"We can do no great things. Only small things with great love. " Mother Theresa

March 29, 2014

5000 Acts

“Darkness cannot drive out darkness; only light can do that. Hate cannot drive out hate; only love can do that.” Martin Luther King Jr. 

I initially had no desire or intention of writing about this weeks World Vision situation. There are many that already have and I really have nothing else to offer. To those that have no idea what I am talking about and don't feel like reading an article to catch up, I will try to sum it up.
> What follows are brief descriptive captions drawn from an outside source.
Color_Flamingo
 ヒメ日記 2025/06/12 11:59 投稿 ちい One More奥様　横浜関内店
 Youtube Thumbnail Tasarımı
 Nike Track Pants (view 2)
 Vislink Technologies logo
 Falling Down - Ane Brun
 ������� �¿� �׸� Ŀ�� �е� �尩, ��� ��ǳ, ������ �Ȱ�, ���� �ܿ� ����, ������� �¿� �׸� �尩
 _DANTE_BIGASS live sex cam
World Vision, one of the largest international relief organizations, announced this week that they had changed their policy and were now hiring employees who were in gay marriages. 

Richard Sterns, the CEO of World Vision, wrote "The Hole in the Gospel" which has had a profound impact on my life. I had no idea that World Vision had such a policy, but I was pleased to hear that they were changing it. But I was shocked by what occurred in the days that followed.
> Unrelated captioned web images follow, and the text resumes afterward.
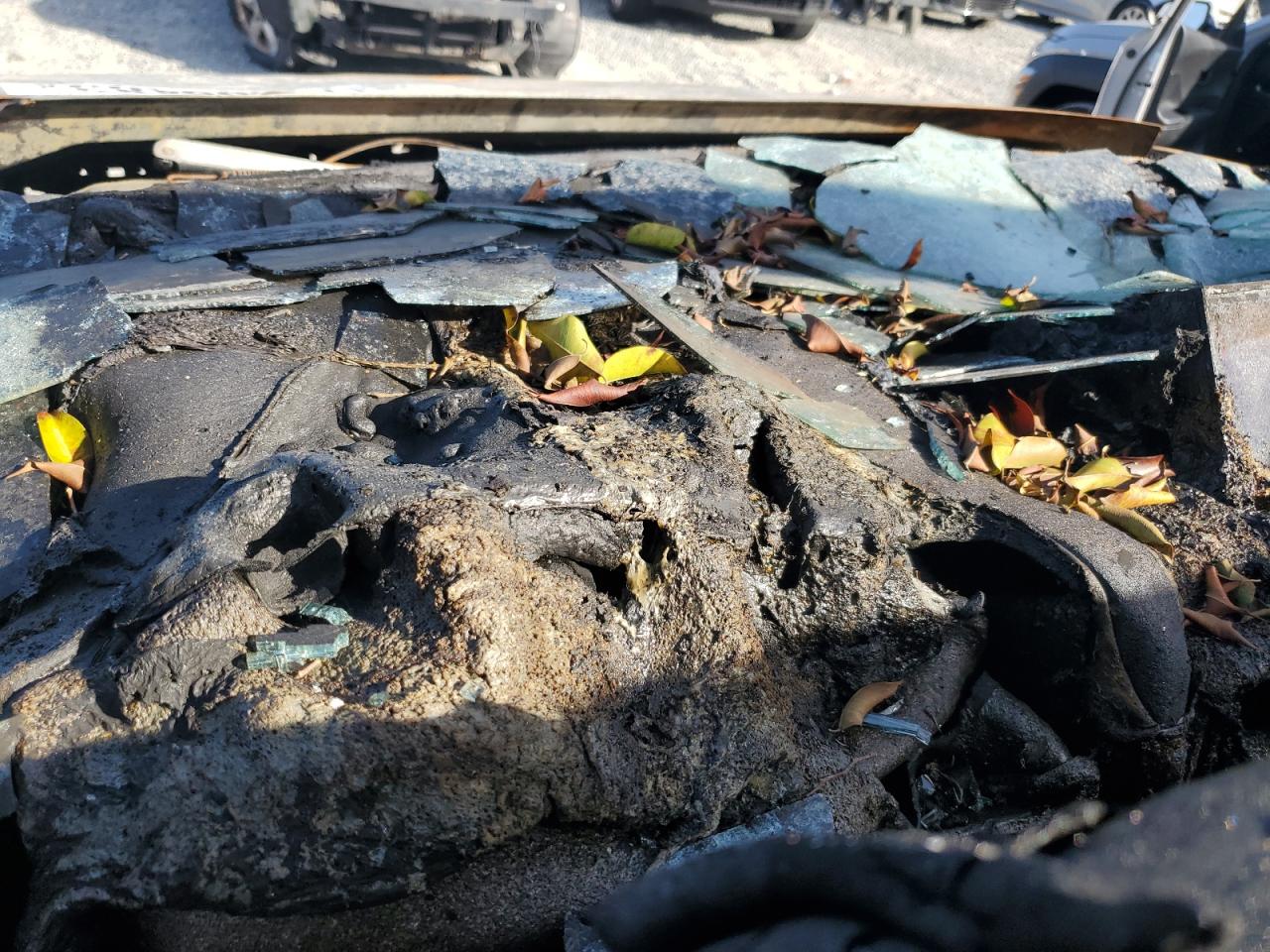 Lot #2206790480 2006 NISSAN ARMADA SE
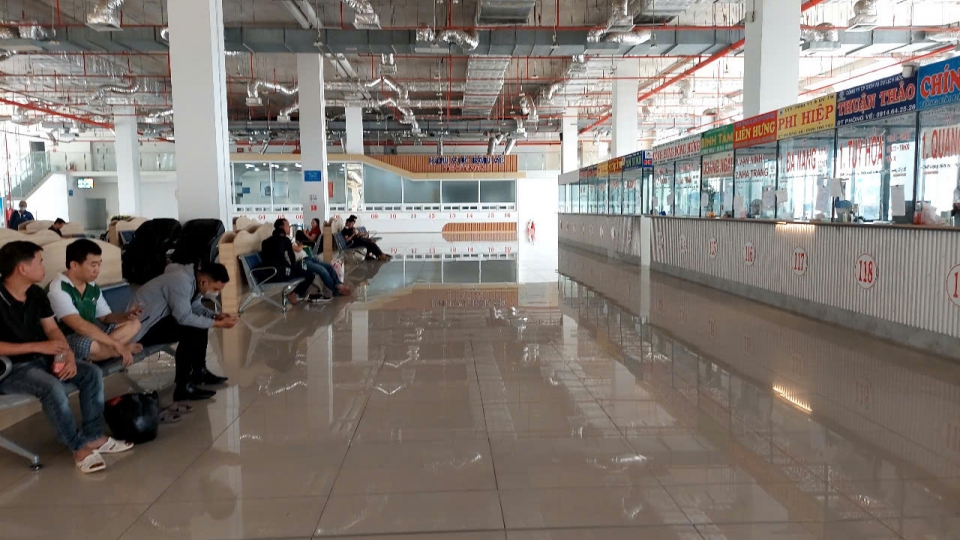Bến xe miền Đông mới .jpg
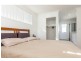 53 Grosvenor Terrace, Deception Bay QLD 4508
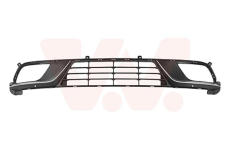 Vetracia mrieżka v nárazníku VAN WEZEL 8304590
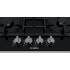 Варочная панель Bosch PNH6B6B90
I was not surprised by the Christian right and their open disdain on social media with their cry of "Love the sinner, hate the sin." I was not surprised by the support of World Vision from bloggers like Rachel Held Evans and Kristen Howerton or the call for peace in the response by Jen Hatmaker

But when I learned that World Vision had reversed it's decision, I could not believe it. But the shock, the real shock came when I discovered that within 24 hours of the decision somewhere between 2000 and 5000 people dropped their child sponsorship at World Vision. Their CHILD sponsorship. The child they were praying for, providing water, food and an education for. My heart pounds right now that so many, so quickly, responded this way. 

I do not write today to influence your stance on gay marriage. But I am writing because I am sad. Heartbroken really. And with this heartbreak I feel a call from the spirit to do something. To show a different face to what it means to be a Christ follower,  "to love your neighbor as yourself". When somewhere around 5000 people chose to make a point over the love of a child, I believe they chose hate. And I want to choose love. I want to be a part of 5000 acts of kindness to others. And I hope to not be doing it alone. Let's rally love towards others in the coming days and together create 5000 acts. 
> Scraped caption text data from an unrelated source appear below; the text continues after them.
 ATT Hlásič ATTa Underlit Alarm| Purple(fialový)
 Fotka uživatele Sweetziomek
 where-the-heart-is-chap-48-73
Maybe you choose to sponsor a child, make cookies for a neighbor or call a friend you haven't talked to in years. It doesn't matter what the response, just as long as you are choosing love. 

Together, let's start a list! Ways you can share:

1. Email or message me if you would like your acts to remain anonymous
2. Comment below
3. Post on twitter or instagram with #5000acts
4. Share on facebook and tell us how you showed love today 

*Our list can also include how we have received love from others! 

 Once we reach 5000, I will post all the ways we can show love to others. Will you please join me? 

March 25, 2014

Getting Rid of "Or"

Although he is now a boy of 7 with much more time here with us than the two years he spent without us, those two years-the ones he can’t consciously remember- continue to impact what he thinks about the world. What he thinks about himself.



Several days after an experience that showed me he still struggles to trust at times, I try to probe a bit more on how he was feeling. There were many layers there, but one we peeled away was this…he wasn't sure it was OK to cry. This unknown does not apply to falling down or scary dreams…we have seen those tears plenty of times. But the tears he is unsure about? These are tears of sadness, of fear or of failure.

I tried to reassure him. I gave examples of others in our family that cry. His Daddy. He seemed not to believe that although he has been a witness to this act numerous times. His mom. “Only for happy things”, he says. And then I realized, he had created an ‘either…or’. Either you could be loved or be vulnerable. 

I do this too. I am full of ‘either…or’ statements.

I am either successful, or I am a failure.
It was either a good day, or a bad one.
I am either pretty, or I’m not.
I am either right, or I’m wrong.
It’s either your truth, or mine.


These either…or statements do not bring joy. They do not bring unity. And they do not bring peace. I want to look at life, at others, and at myself with a lens of ‘both…and’. 

Richard Rohr describes this kind of thinking as “our ability to read reality in a way that is not judgmental, in a way that is not exclusionary of the part that we don’t understand. When you don’t split everything up according to what you like and what you don’t like, you leave the moment open, you let it be what it is in itself, and you let it speak to you”.

I am both successful, and I am a failure.
It was both a good day, and a bad one.
I am both pretty, and I’m not.
I am both right, and I’m wrong.
It’s both your truth, and mine.

This means boys can be strong while crying. This means the moment can be both good and bad. That I can be both right and wrong. That both our truths can be true. So today, I am trying to throw out the ‘or’

What ‘either…or’ in your life is causing suffering? How can you make it a ‘both…and’?


P.S. I am claiming the right to keep this word for my children .”You either XXXX, or you lose screen time.” This works for me folks so it is staying. Both…and, right?